Adversarial Mixing Policy for Relaxing Locally Linear Constraints in Mixup
Guang Liu | Yuzhao Mao | Huang Hailong | Gao Weiguo | Li Xuan
Proceedings of the 2021 Conference on Empirical Methods in Natural Language Processing
Mixup is a recent regularizer for current deep classification networks. Through training a neural network on convex combinations of pairs of examples and their labels, it imposes locally linear constraints on the model’s input space. However, such strict linear constraints often lead to under-fitting which degrades the effects of regularization. Noticeably, this issue is getting more serious when the resource is extremely limited.

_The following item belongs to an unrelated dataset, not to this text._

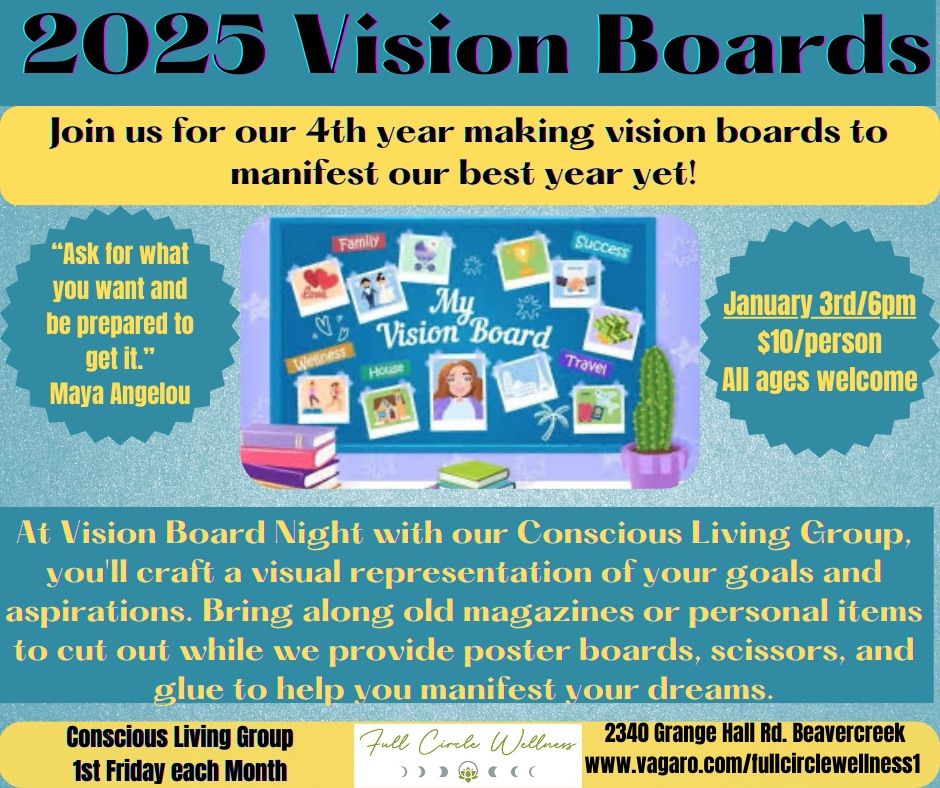 Vision Boards (Conscious Living Group)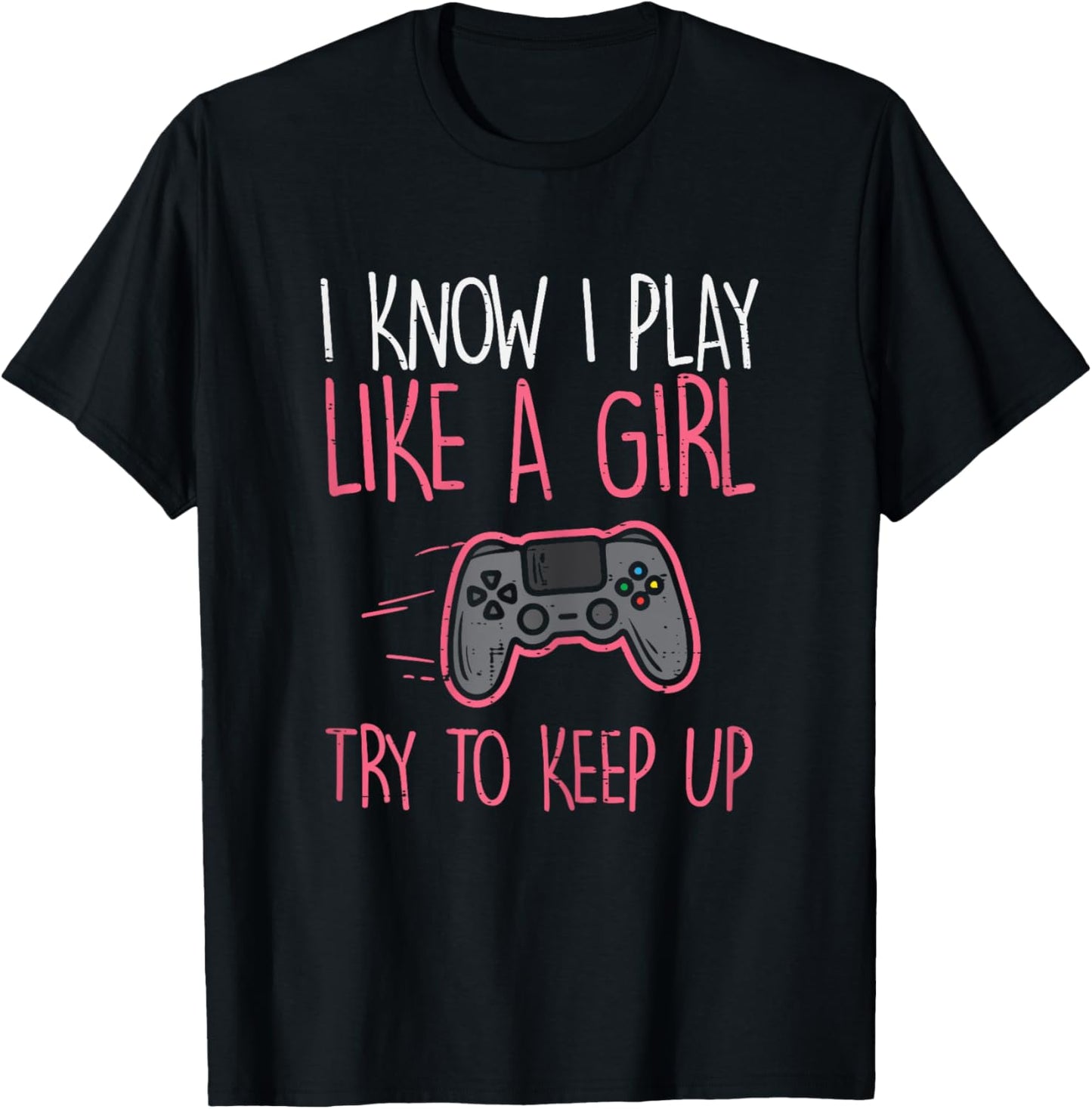 I Know Play Like Girl Gamer Funny Girls Kids Toddler Women T-Shirt - T-Shirt | Black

To address these issues, we propose the Adversarial Mixing Policy (AMP), organized in a “min-max-rand” formulation, to relax the Locally Linear Constraints in Mixup. Specifically, AMP adds a small adversarial perturbation to the mixing coefficients rather than the examples. Thus, slight non-linearity is injected in-between the synthetic examples and synthetic labels. By training on these data, the deep networks are further regularized, and thus achieve a lower predictive error rate. Experiments on five text classification benchmarks and five backbone models have empirically shown that our methods reduce the error rate over Mixup variants in a significant margin (up to 31.3%), especially in low-resource conditions (up to 17.5%).